After packing up as quick as we could to get away from that horrible camping, we set off for the close-by village of Whakarewarewa, a small Maori village built right on top of one of the geothermal sites. After paying the entrance fee, we had a look around first by ourselves. One way you know you are near Rotorua is the ever-present smell of rotten eggs (also a good cover-up for any incidental flatulence). The houses of the village had been built between boiling water holes and steam vents – not the best place on earth to have your abode. We went up the hill to the concert hall, where we would first be treated to a Maori show of song and dance. It was a nice show, somewhat different to the one we had seen in Waitangi and a little less professional, but good fun nonetheless. We even got to take part in the singing and dancing here!

Anouk fancied him.

Anouk fancied one of the Maori men and got her picture taken with him – I’m sure that picture will make it’s way onto one of our walls back home. After that we were guided around town by Rubina. She showed us the hot pools that the locals used to cook food, along with their “microwave” – a wooded hatchet on top of a vent with a cover. One of these microwaves had exploded the month before! Rubina showed us our way through the bubbly pools and vents up to a large, double geyser where the tour ended. The geyser was quite impressive – the larger of the two went up to ten metres high! We walked back past the cemetery and shops selling Maori arts and crafts and had ourselves an enormous burger in the restaurant.

Traditional Maori Art on top of a marai (meeting hall).

As we wanted to stay in the Rotorua area, but definitely did not want to stay on that camping again, we decided to move to another camping just out of town, not far from mount Tarawera, the volcano that had blown its top off 150 years before. The camping was right next to a lake and had some lovely views. We had an early dinner of pasta, chicken and chinese BBQ sauce, we headed back to Rotorua for the Polynesian Spa!

The spa consisted of four pools, ranging in temperature between 36 and 42 degrees celsius. All towels, lockers etc. were included in the price and we bathed and lounged around until about half past eight, when large hoards of Japanese tourists started to arrive. We decided it was time to leave and after an ice cream for me and a drink for Anouk we were back in the camper towards mount Tarawera.
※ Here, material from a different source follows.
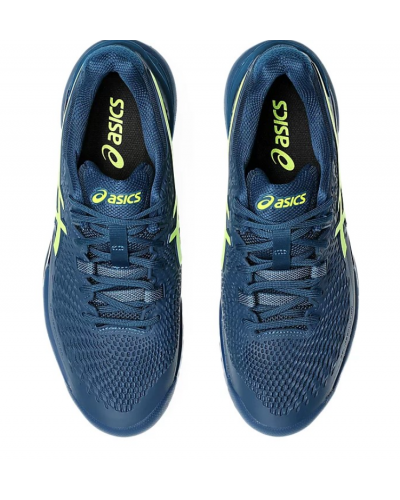Чоловічі кросівки для тенісу Asics GEL-RESOLUTION 9 (1041A330-404) синій колір, розмір 40.5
The day before I had bought a small book at the bird sanctuary describing how to find the Southern Cross constellation. So, once it was dark I installed myself outside with a glass of wine, some crisps and my book to try to figure out those southern skies. Now I might not be the smartest person in the world, but I do think I have a little common sense – and I really could not make heads or tails out of those stars at all! The southern sky is very unlike it’s northern brother – it’s hard to make out shapes or constellations. After about an hour I was chilled to the bone and gave up – I decided I would try another day as I was getting nowhere.

Our trusty Kea Camper!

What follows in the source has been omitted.